De um lado, os estudantes reivindicam o retorno das verbas para programas universitários cortadas pela União e melhorias no sistema educacional. De outro, várias categorias de trabalhadores lutam para impedir a reforma da Previdência, proposta pelo governo Bolsonaro, que pode limitar os benefícios dos empregados, além de pedir melhores condições de trabalho de uma forma geral.
Não há como desvincular - queiram ou não os envolvidos - os movimentos grevistas de uma procedência política. A conotação de protesto traz inerente uma demonstração de insatisfação com o sistema. Isso vai desde o filho que se revolta com o autoritarismo do pai até o operário que se sente assediado pelo patrão. Toda ação de insurreição possui um fundo de contrariedade, o que pressupõe o pensamento político.
Fruto da democracia, a coexistência de ideias antagônicas deve ser respeitada, desde que elas não ultrapassem o limite da liberdade das pessoas. Os protestos registrados ontem nas cidades do Alto Tietê, que engrossaram o movimento nacional, são dignos de fundamento e seguiram uma orientação moral e ética da defesa dos interesses e busca pacífica por apoio às causas.

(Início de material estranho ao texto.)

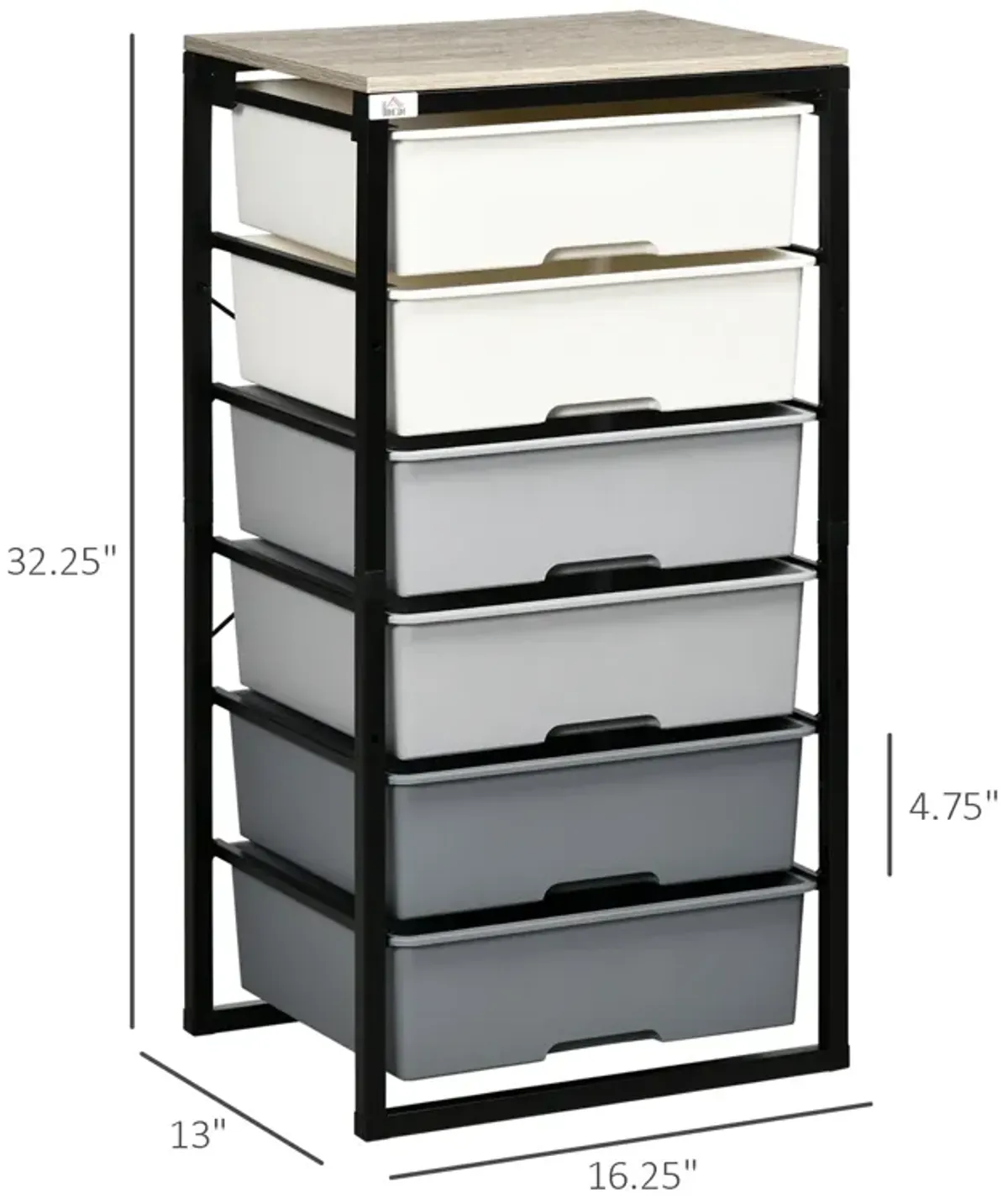 Grey Bedroom Organizer: 6-Drawer Chest with Steel Frame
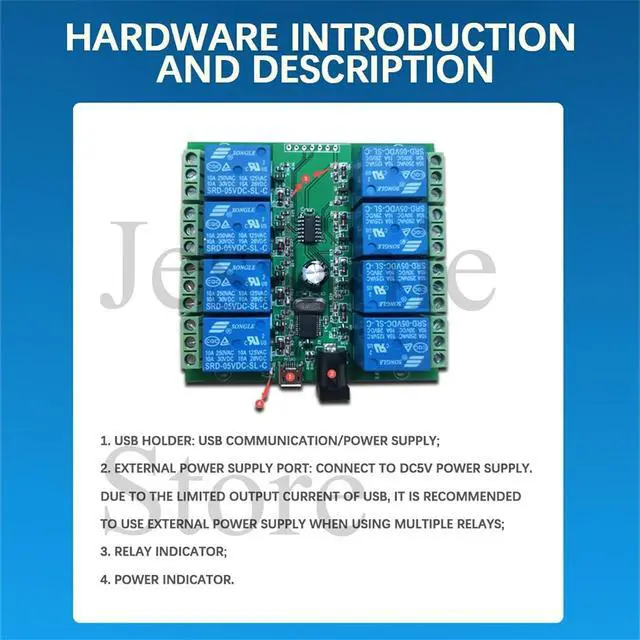 Alt view image 2 of 5 - LCUS-8 USB Relay Module 8 Channel with Overcurrent Protection for Home Automation, Serial Control, Intelligent USB Switch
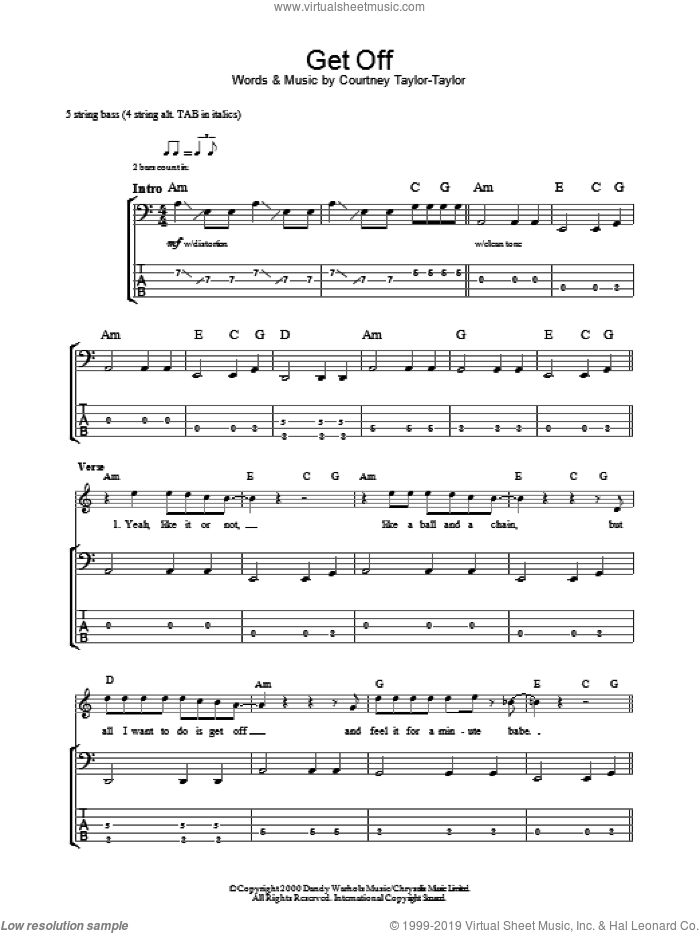 Get Off sheet music for bass (tablature) (bass guitar) by The Dandy Warhols and Courtney Taylor-Taylor, intermediate skill level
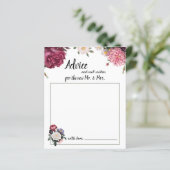 バーガンエレガントディとピンクの花のアドバイスカード (スタンド正面)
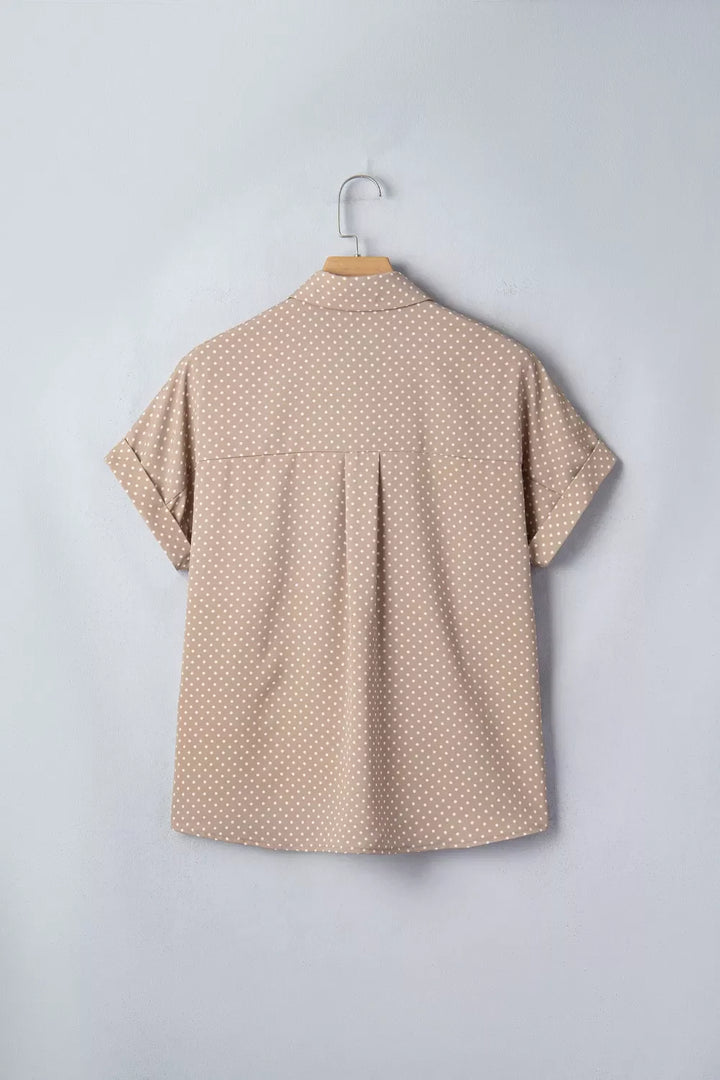 Polka Dot Print Short Sleeve Shirt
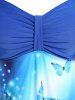 Maillot de Bain Tankini à Imprimé Rose et Papillon à Taille Empire Grande Taille - Bleu 3X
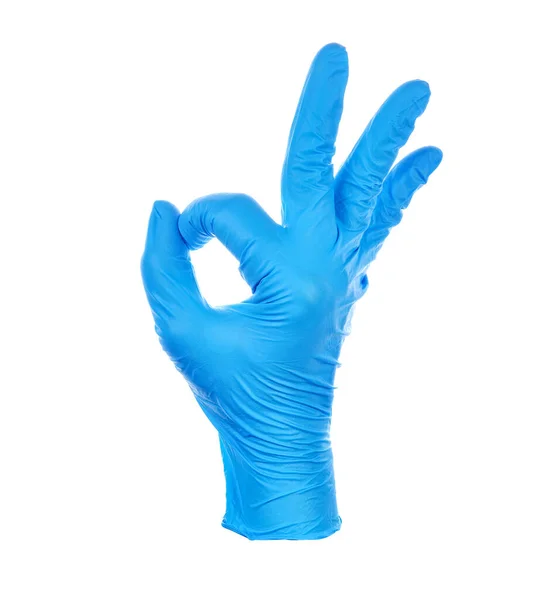 Hand Maken Oke Dragen Van Een Blauwe Nitril Medische Handschoen — Stockfoto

O que se pode tirar de lição do atual movimento de trabalhadores e estudantes é que há uma crescente insatisfação com o sistema, que leva a procurar novas alternativas. Se ainda não tem força suficiente para provocar mudanças imediatas, precisa ser visto com seriedade, como instrumento de expressão popular. Foi assim em julho de 1917, quando registrou-se a primeira greve geral de origem operária no Brasil, que paralisou a capital paulista em protesto por melhores salários e o reconhecimento de seus direitos. E está sendo assim agora.